I just dumped them off at each dance hall or club and they set up their own gear on stage. I'd dash back home to study accounting and call for them at the end of the evening.

Then the bookings started coming in faster. Ray McFall, boss of The Cavern Club, tried the boys out "to see what they were like," and hastily offered them a block of 50 evening engagements, plus a string of lunch-time sessions! At that stage, I decided there was a little more money and a little more adventure in road-managing. I gave up my Job as a trainee accountant and went to work full-time for The Beatles. The next to make the same sort of decision was Paul.

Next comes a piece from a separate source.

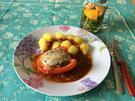 Gefüllte Paprika - schon lange nicht mehr gegessen - Rezept - Bild Nr. 2828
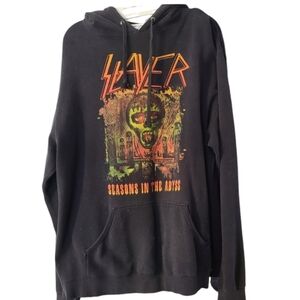 Slayer "Seasons in the Abyss" Vintage Authentic Collectable Tour Hoodie size XL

He'd just left school and was working as second mate to a truck driver. He helped unload stuff for a cable firm and was paid about £12 a week for his work. The truck job didn't involve long-distance runs, so Paul could make the Cavern in the evenings, but the difficulty was those new lunch-time sessions. Paul's father was dead-set against him giving up his job. And Paul agreed.

"I can't give that up," Paul explained to the others. "It's a steady job and it's £12 a week! That's good money, you know." He meant it, too.

"You'll get a couple of pounds each lunch-time," John pointed out.

"That's nothing," replied Paul.

"Sod you, then!" decided John firmly. "We're playing without you."

But when the day of the first lunch-time session came around, John, George and Pete Best arrived at The Cavern to find Paul already there waiting for them! "Thought you were working," commented John blankly. "Of course not," said Paul. "I packed all that in. Never did like carrying blooming great cables about. That job was the last."

Neither John nor Paul discussed the matter any further, but I could see they were both pleased. "What's your first number, then?" asked John, and the session began. Paul wasn't playing guitar at that time. He just did vocals, sometimes solo and sometimes with John. George played lead guitar, John was rhythm, Stu Sutcliffe was on bass and Pete played drums.

Soon, The Beatles gathered a great following of local fans and they were much in demand among Merseyside promoters. They stuck up their nightly fee to around £18 (to be divided between the five boys!), which was a new high for a Liverpool group.